Entropic ruin gives us an interesting way to measure the quality of a strategy. Here’s a 12-point reference scale based on the idea.  Entropic ruin is represented as a reference circle in all 12 cases. A bunch of arrows shows the set of activities that are trying to outrun ruin. I call the drawings on the scale quiver doodles (think of each as a quiver viewed from above).

Trivially, in the long term, we all face the ultimate case of entropic ruin, death, but what’s interesting about non-trivial cases is that you don’t even beat the house in the short term. So entropic ruin can be defined as predictably dying faster than you need to. No matter what you are doing, you can draw a little circle of entropic ruin around your activities. If you’re inside that circle, you’re heading for premature death.
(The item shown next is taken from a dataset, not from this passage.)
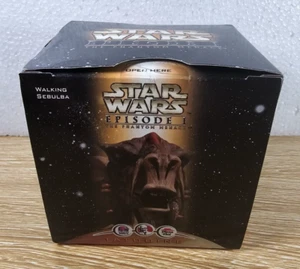 Star Wars 1999 Episodio 1 - KFC/Taco Bell/Pizza Hut - Juguete Sabula Pod Racer - Imagen 1 de 6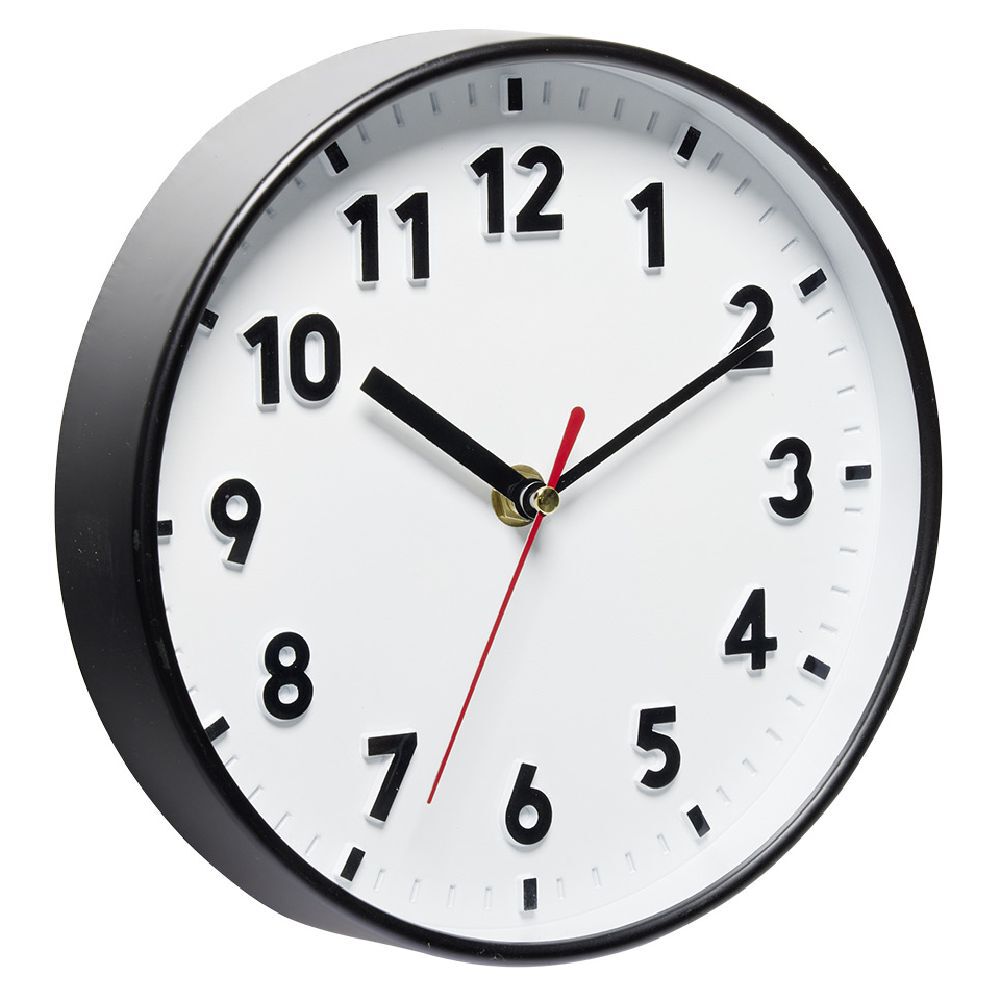 Horloge Ø20 cm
If you have (or are generating) abundance on every resource you might need in relation to your goals, you don’t need a strategy. The circle can shrink to zero. This is the other end of the spectrum from entropic ruin: entropic flourishing. A wealthy person who is earning more in interest on their capital than they can spend in a day is an example. The scale is really more of a 6-point scale that zig-zags between entropic ruin and flourishing up 6 levels between complete chaos (Brownian motion) to complete order (laser beam).

If you’ve been through the ups and downs of enough projects, the 12 quiver doodles on the scale probably make intuitive sense to you, but let me offer a bit of additional explanation for those who need it.